### WHAT THE TASK ASKS
Beginning with the line that contains "Подвесной светильник Arte Lamp A5067SP-1BK" and ending with the line that contains "小型企业erp系统年费用多少元 小型企业erp系统年费用选择指南", reproduce the lines of the entries below exactly, omitting pictures.

### DATA EXTRACT
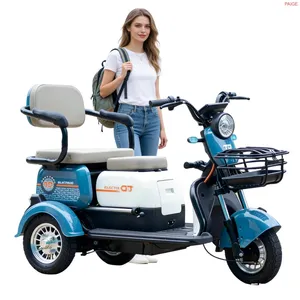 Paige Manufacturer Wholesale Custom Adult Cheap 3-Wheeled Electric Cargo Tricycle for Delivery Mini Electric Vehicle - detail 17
==
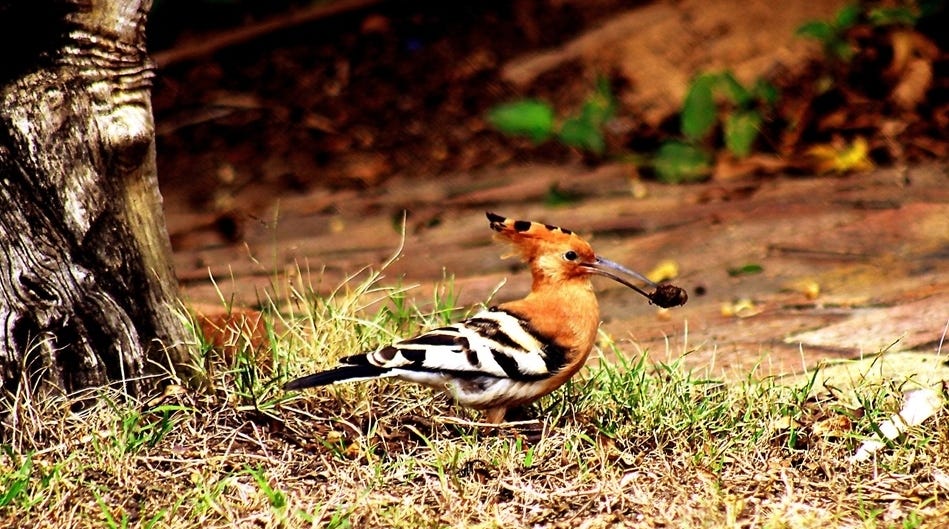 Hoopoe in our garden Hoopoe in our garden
...
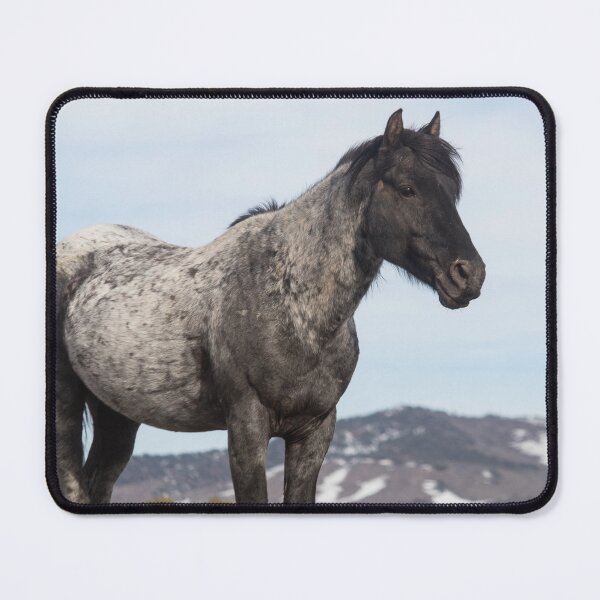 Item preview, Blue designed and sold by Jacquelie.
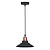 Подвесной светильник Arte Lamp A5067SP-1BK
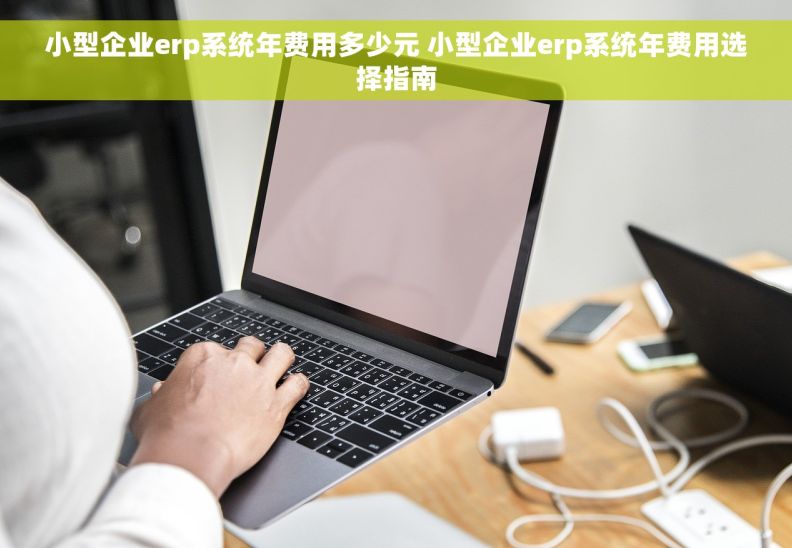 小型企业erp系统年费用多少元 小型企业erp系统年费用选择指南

### RESULT OF THIS EXERCISE
 Подвесной светильник Arte Lamp A5067SP-1BK
 小型企业erp系统年费用多少元 小型企业erp系统年费用选择指南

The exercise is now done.